I see the connection between this and the antiderivative of arcsin, I'm just not sure how to handle the 4 rather than the 1--which technique to use.
∫ 1/sqrt(1-x^2)dx is arcsin x
The Attempt at a Solution
Tried a few ways.
1st attempt was to rewrite as ∫ (4-x^2)^(-1/2)dx then reverse the power and chain rules to get sqrt(4-x^2)/2x from 0 to 1=sqrt(3)/2. Knew this was incorrect but trying to get my thoughts flowing.
2nd attempt was with integration by parts, with u=1/sqrt(4-x^2) and dv=dx...etc. This one ended up pretty ugly though, as vdu was worse than the original equation.
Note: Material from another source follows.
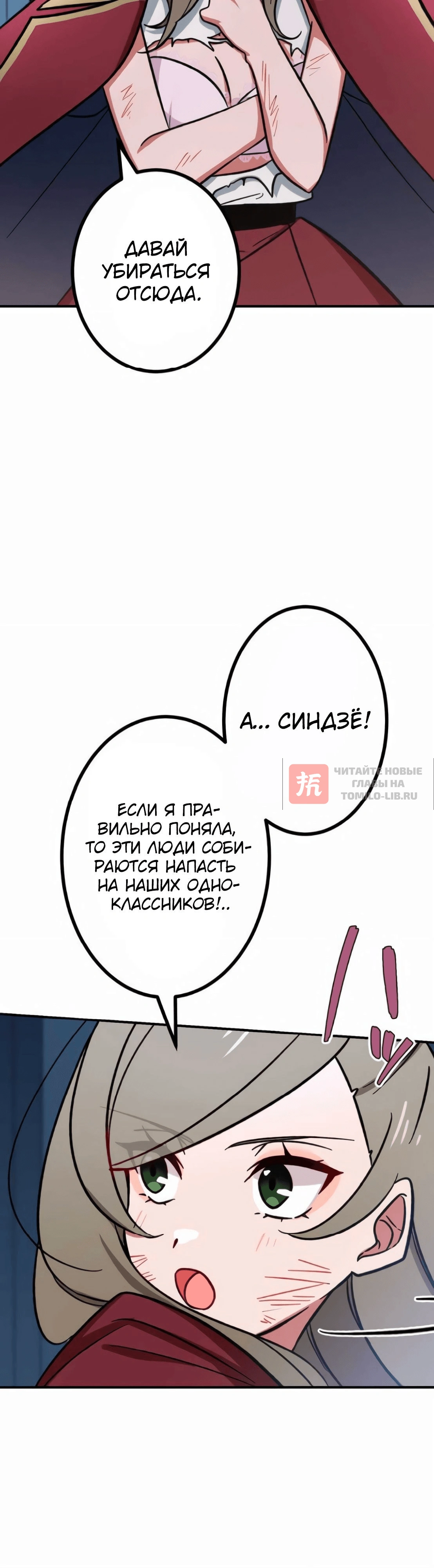 Глава 17, Страница 24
3rd attempt was with u-substitution; this one looked like it was going to work then took a bad turn. Let u=4-x^2, produces ∫ from 4 to 3 1/sqrt(u) --> -sqrt(u) from 4 to 3, then plugging back the 4-x^2 ended up undefined.
I was thinking of partial fractions but the sqrt throws me off. I'm studying for a placement exam and this is a question from a past exam in the class.
Thanks to everyone very much for your help!